Interestingly, the other river, the Rhein, is not far away, despite the fact that it empties eventually into the North Sea. So the continential divide between the Black Sea (& Mediterranean) and the North Sea, snakes its way across southern Germany, quite close to both rivers.
Thanks Erasmus!
During the Ice Age, the Rhine in Germany and the Thames in England were the same river. They were connected over what is now the English Channel.
That’s interesting, too. Where did the combined river empty? Did the Thames-to-be flow the opposite to its present-day course and empty out into the Irish Sea somewhere in Wales(-to-be)?
Awesome. You ought to write travel books.

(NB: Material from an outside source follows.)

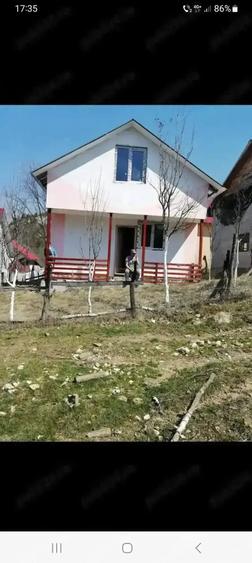Casa de vanzare Ro?ia Montana, Jud.Alba - 6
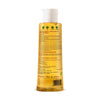 La Pink Methi Dana 8-in-1 Hair Oil with White Haldi for Hair Fall Control Pack of 2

Do you have any photos to post?
More here.
My own pics were on a roll I lost before I could get it developed (along with shots of the site of the final German WWII nuclear reactor experiment in Haigerloch).
However, you can see pics in Wikipedia under "Breg River." Try the German Wiki for a little more data than the English Wiki entry.
I would guess they both emptied into and joined in the low spot which is now filled with the water known as the English Channel.